* **WHAT IS EXPECTED**:
Please copy the data below exactly; none of the pictures in it belong in the copy.

* **DATA PROVIDED**:
==================================================
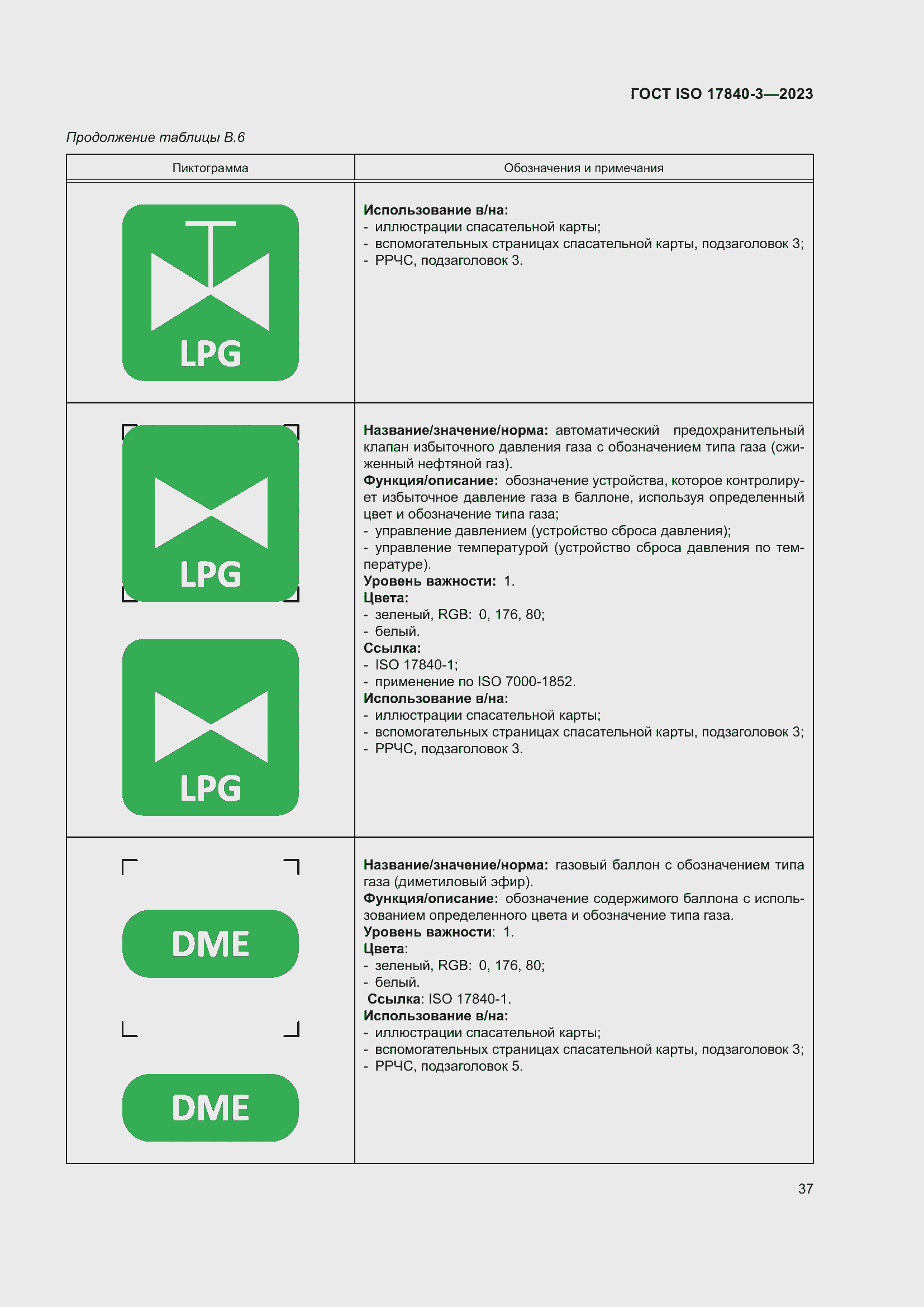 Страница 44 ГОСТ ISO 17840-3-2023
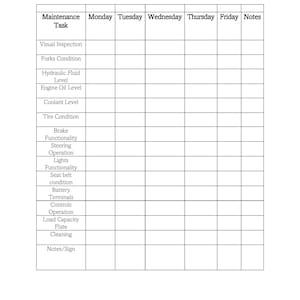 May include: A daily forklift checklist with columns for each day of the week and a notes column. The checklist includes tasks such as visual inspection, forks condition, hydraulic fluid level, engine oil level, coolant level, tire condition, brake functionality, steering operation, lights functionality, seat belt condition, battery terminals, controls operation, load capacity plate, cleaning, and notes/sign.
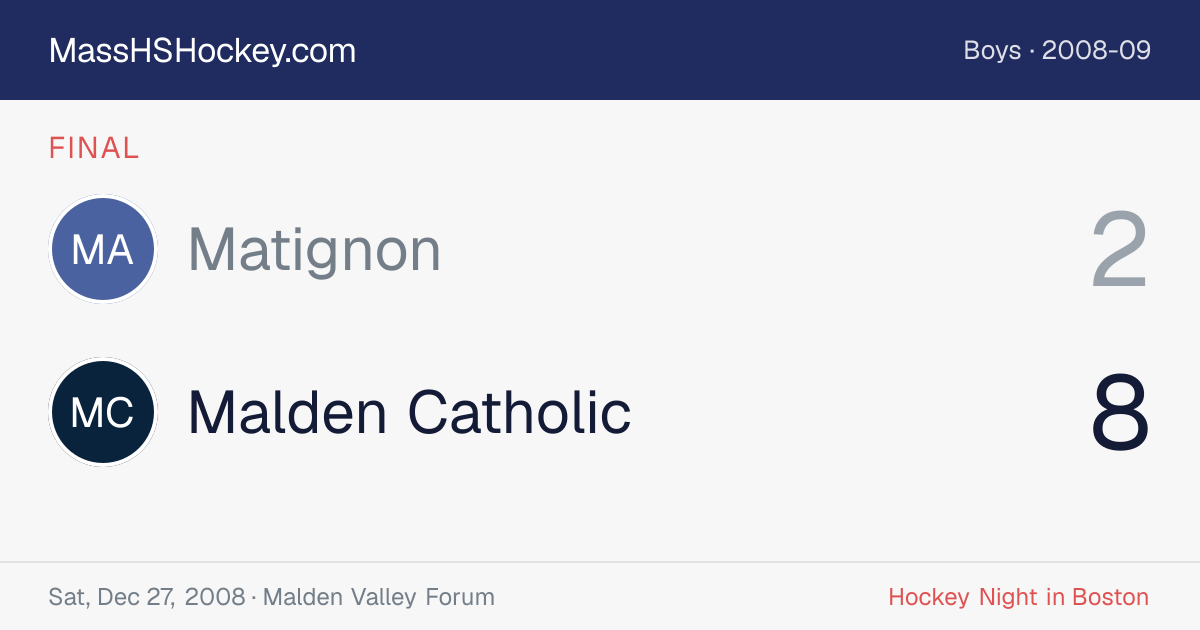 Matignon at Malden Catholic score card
==================================================
* **RESULT OF THIS TASK**:
 Страница 44 ГОСТ ISO 17840-3-2023
 May include: A daily forklift checklist with columns for each day of the week and a notes column. The checklist includes tasks such as visual inspection, forks condition, hydraulic fluid level, engine oil level, coolant level, tire condition, brake functionality, steering operation, lights functionality, seat belt condition, battery terminals, controls operation, load capacity plate, cleaning, and notes/sign.
 Matignon at Malden Catholic score card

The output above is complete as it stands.